By , ,
Published May 18, 2015
A small warren of shops surrounds the dusty field outside Islamabad where displaced Afghans come to sell utensils and used clothes every Tuesday.
They scatter their scraps of clothing or battered hardware on blankets and wait as customers kick up a cloud of choking dust in their quest for bargains. By the end of the day they will be coated in that dust.
If they are lucky they will have made a few rupees. They sometimes talk of politics, but without the passion that is the hallmark of their government.
The merchants represent a cross-section of Afghan society. There are Uzbeks standing next to Azeris. There are those who support the Taliban along with victims of its worst excesses.
But these days there is a rare unanimity on one topic: the future of their beleaguered country. Whatever the outcome of the threatened American attack, there is only one man, they say, who will be able to lead the country after the Taliban and allow them to return home.
He is Zahir Shah, the former king, who was deposed nearly 30 years ago and is now 86 years old. For most of his life he, like them, has lived in exile. He in the relative comfort of Rome, they in squalor.

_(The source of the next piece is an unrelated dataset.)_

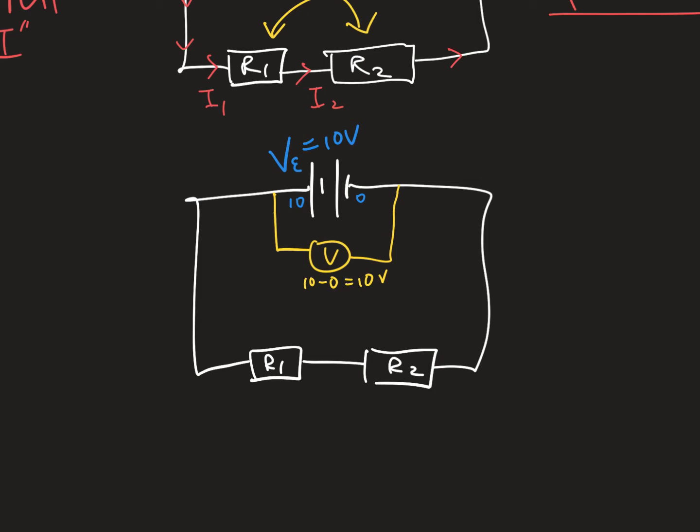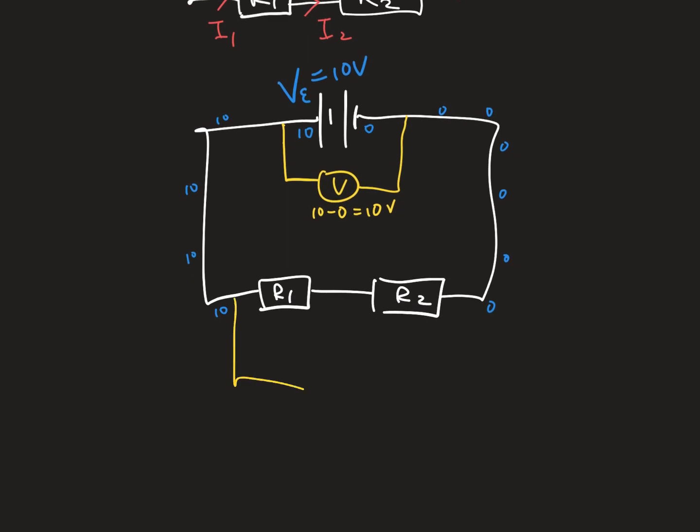The potential only changes when the current goes across something with resistance. Since we assume the wires have no resistance, the potential stays at 10 all the way along the top wire and 0 all the way along the bottom wire. So if you connected a voltmeter across the entire circuit, it would still read 10 volts.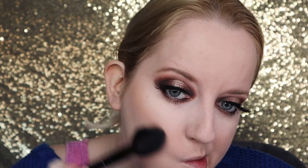Now going in with my Freedom Bronzer, just bronzing up the face a little bit. I didn't have any fake tan on so I was trying to bring a little bit of colour back into my face, just bronzing all around.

The U.N.'s special envoy for Afghanistan, Fransesc Vendrell, met Sunday with the former king in Rome. He said Zahir has no ambitions to return to his homeland as monarch but "could play an important role in the future of Afghanistan."
The sentiment is one shared by some Afghan tribal leaders, who also insist they are not looking to restore the former king as a ruler but rather as a figurehead around which Afghanistan's quarrelsome tribes can rally.
Baktash Mohammedi, 25, was a civil engineer in central Afghanistan who first lost his job, then lost his hope. He fled Afghanistan eight years ago and opened a small restaurant in the market here. Ever since, he has been waiting to go home.
"There is only one man who can unite the Afghans and that is Zahir Shah. He is the only man everyone knows. No one is more popular than him," Mohammedi says.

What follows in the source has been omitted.